Local government special bond
Slower infrastructure growth
We can tell the speed of infrastructure investment from the scale of the target for new issuance of local government special bonds of CNY3.8 trillion, which compares with our expectation of CNY 4 trillion.
The main reason behind this lower target seems obvious as the fiscal deficit last year was very high at 8% to 9% per GDP from a historical point of view. The government would like to slow down the increase in the fiscal deficit by taking advantage of the economic recovery.
We believe that this year's infrastructure investment will lean towards technology and ESG. As such, we might see more focused transportation infrastructure projects. Only those that have been planned or started will be implemented.
Usually, the precise plan for infrastructure projects would be announced one to two months after the Two Sessions. The change of government personnel could result in more precise measures and more KPI-type announcements for local governments.
Employment will be higher and matches the number of new graduates
The 12 million new employment target is a bit low. If we consider the number of graduates this year, it would be around 11.58 million, as announced by the government earlier, which means some graduates and some existing jobless residents would not be able to find a job.

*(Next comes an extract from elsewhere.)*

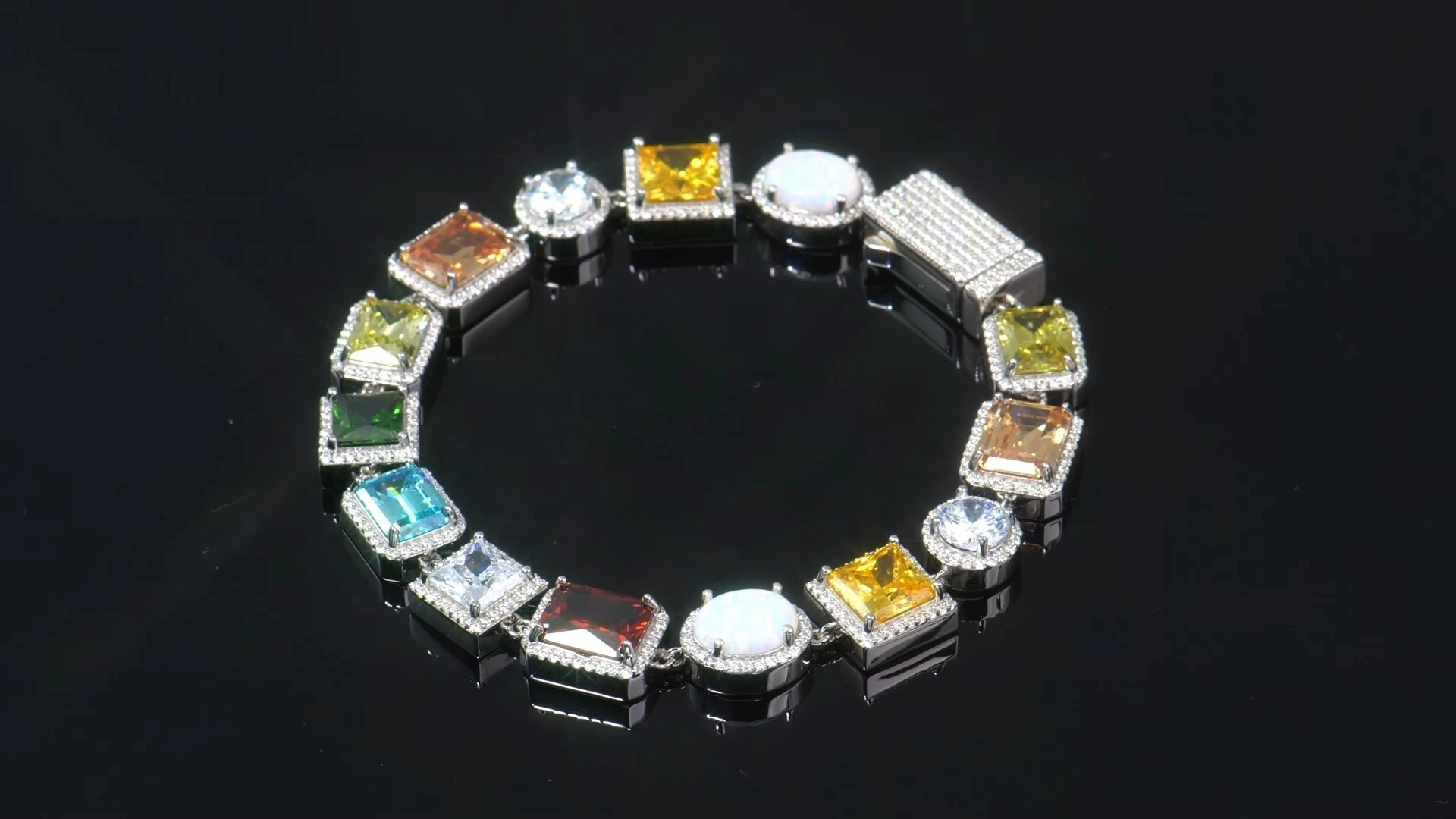 Retro Baroque Color Large Particle Gemstone Bracelet & necklace 925 Silver for Women 1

Employment is very important during a recovery as it is the backbone of consumption growth. Having said that, the government expects more startups, which should fill the gap.
Technology and ESG are the strong growth drivers
The government report emphasised the importance of technology and ESG to long-term growth. Within ESG, green still gets more attention from the government as we see from the government work report.
These two industries will attract more capital for investments from government support measures as well as from the private sector. So, apart from a consumption recovery, we should give more attention to investments in these two areas. Growth rates in these industries should be high.
But our concern is overheating if such support from the government lasts for more than three years. There are examples from the past, e.g. solar panels, and real estate, that once supported by the government would turn into fast growth and investments but may turn sour several years later.
In sum, it is a fair government target report
Overall, the government realises the strength and weaknesses faced by the economy. It is not overly optimistic and does not spend too much to boost growth. It focuses more on longer-term growth challenges. In our view, achieving these targets would not be very challenging.